Vietnam veteran draws portrait of slain SAPD detective

Portrait on its way to San Antonio

By Concetta Callahan - Anchor/Reporter

SAN ANTONIO - An outpouring of love and support for the San Antonio Police Department continues to come in from all over the country. The cold blooded killing of Detective Benjamin Marconi, just days before Thanksgiving, has broken hearts across America.

When a Marine and Vietnam combat veteran in Washington state found out what happened he did what came natural. He started drawing with the hope his portrait will bring a part of Marconi home to his family this holiday season.           

"I’ve been looking into his eyes since 3 o'clock this morning," Michael Reagan said, the founder of the Fallen Heroes Portrait Project.

He said he has done too many of these, 15,000 to be exact.

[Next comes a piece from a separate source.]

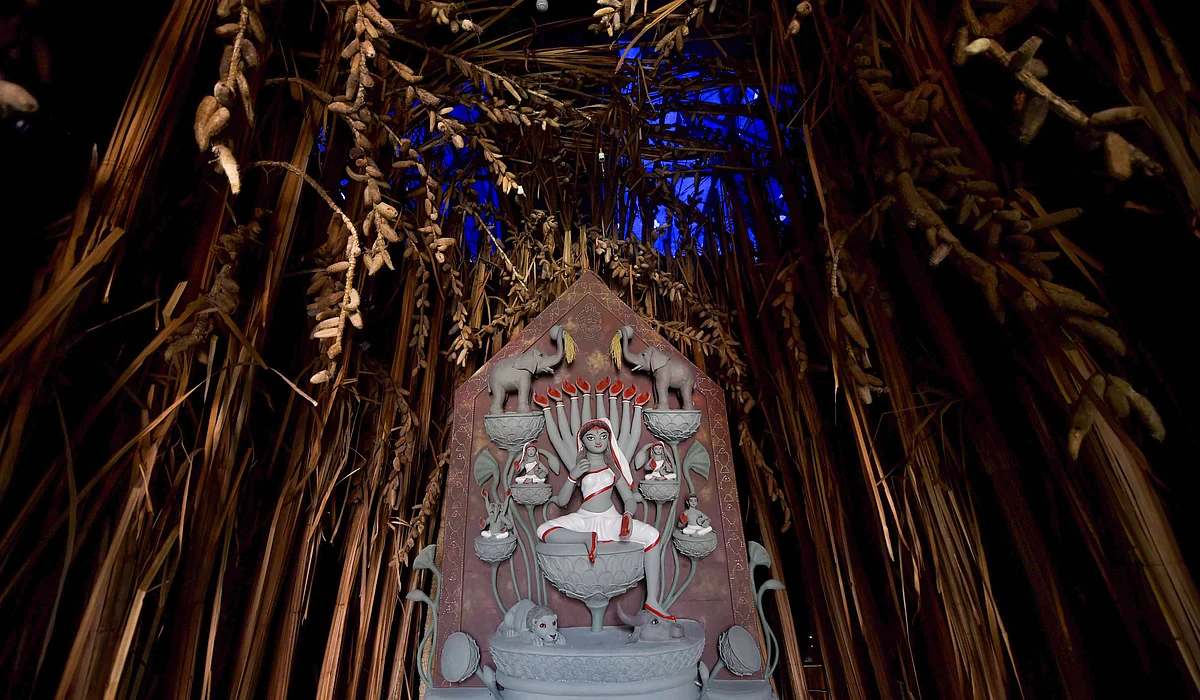 An idol of Goddess Durga at an under construction community pandal, ahead of Durga Puja Festival in Kolkata, Tuesday, Oct. 5, 2021.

"I’m sad that he's dead and while I’ve drawn him," Reagan said. "I’ve basically told him that"

Over the summer, he completed the portraits of the five Dallas police officers ambushed in July at a peaceful protest.

It's only recently though he started drawing law enforcement.

"Do these police officers deserve to be treated the way they're being treated and murdered like they're being murdered?" Reagan asked. "No, they don’t."

He started the Fallen Heroes Portrait Project for fallen service men and women, but with more and more stories of people turning on police Reagan has even more reason to put pencil to paper.

"I spend all of my time doing this work because I truly believe in my heart that there is some part of them that I can send back," he explained.

Marconi was ambushed Sunday morning during a traffic stop. Police said Otis McKane came up to his patrol unit and shot him twice in the head.

Forty-eight hours later, an image of Marconi was already drawn up.

"This seemed to be a collection of who this person was. There's a seriousness there but still a kindness. This is the picture that shows what we've lost here is not just a police officer, but we've lost an incredible human being," he said.

The memorial outside Public Safety Headquarters continues to grow with cards, balloons and little trinkets, all serving as signs that people care about Marconi.

"These holidays for everybody around this officer are going to be terrible, and if nothing else, maybe this picture can hang on the wall and give them some peace when it's really, really needed," Reagan said.

The portrait is on its way to San Antonio.

Reagan is hoping the SAPD Chief William McManus can deliver it to Marconi’s family in time for Christmas.